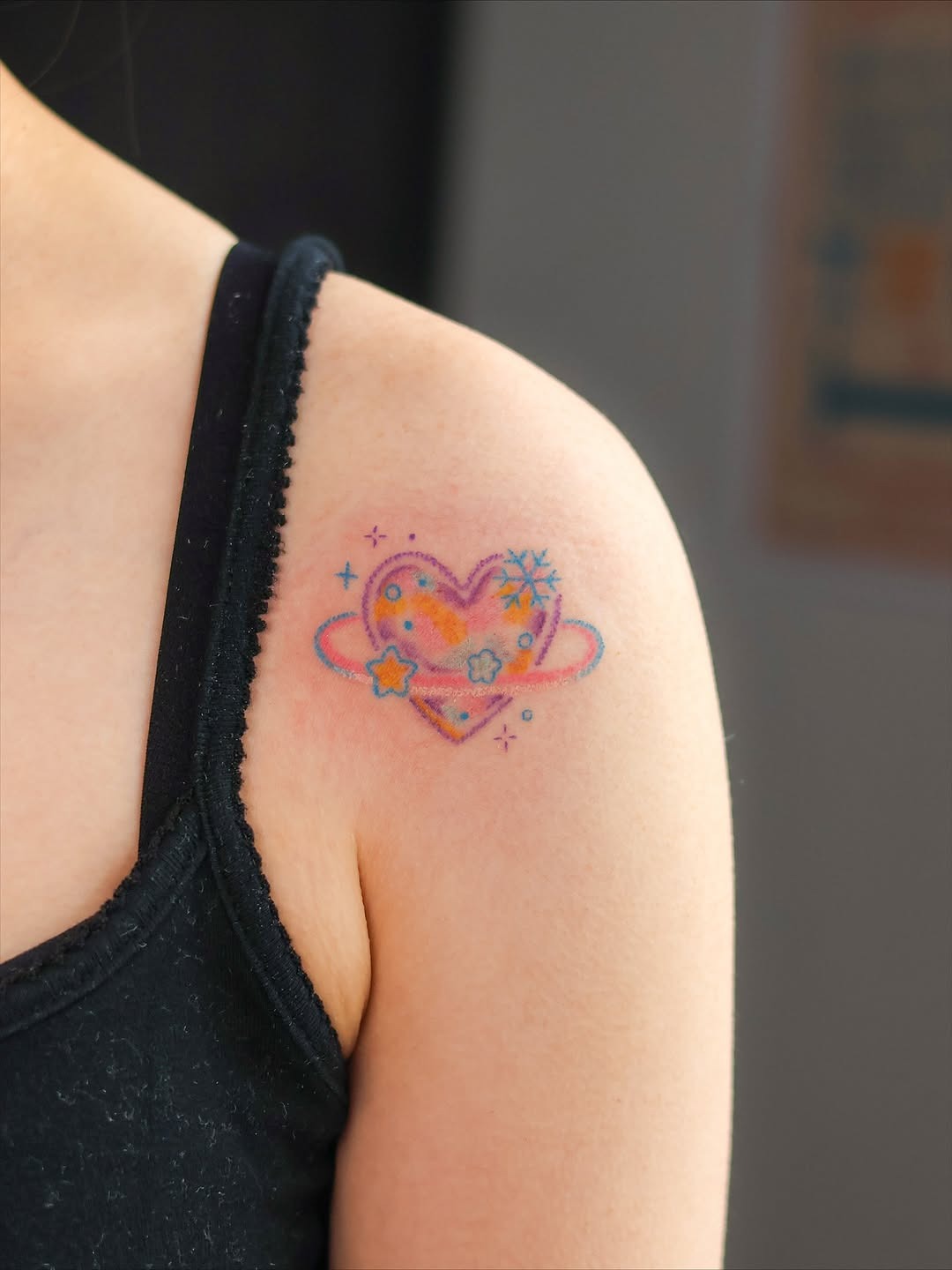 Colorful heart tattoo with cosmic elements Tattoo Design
* * *
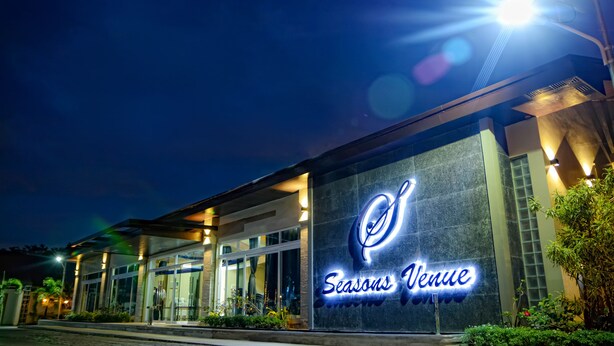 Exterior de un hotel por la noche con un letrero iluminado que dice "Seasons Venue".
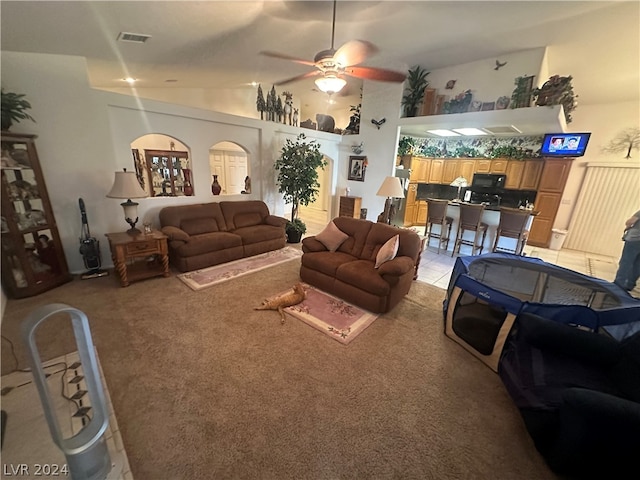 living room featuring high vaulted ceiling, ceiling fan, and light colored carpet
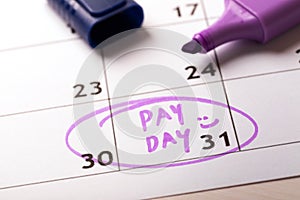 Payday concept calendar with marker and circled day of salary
--
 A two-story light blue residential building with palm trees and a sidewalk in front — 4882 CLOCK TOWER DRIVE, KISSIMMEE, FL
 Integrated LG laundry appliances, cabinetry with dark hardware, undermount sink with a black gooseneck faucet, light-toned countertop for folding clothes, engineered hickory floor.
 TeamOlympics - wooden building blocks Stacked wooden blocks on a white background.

> What you are asked to do: Your reply must consist solely of the number of lines in the data that contain the word "building".

> Answer section: 2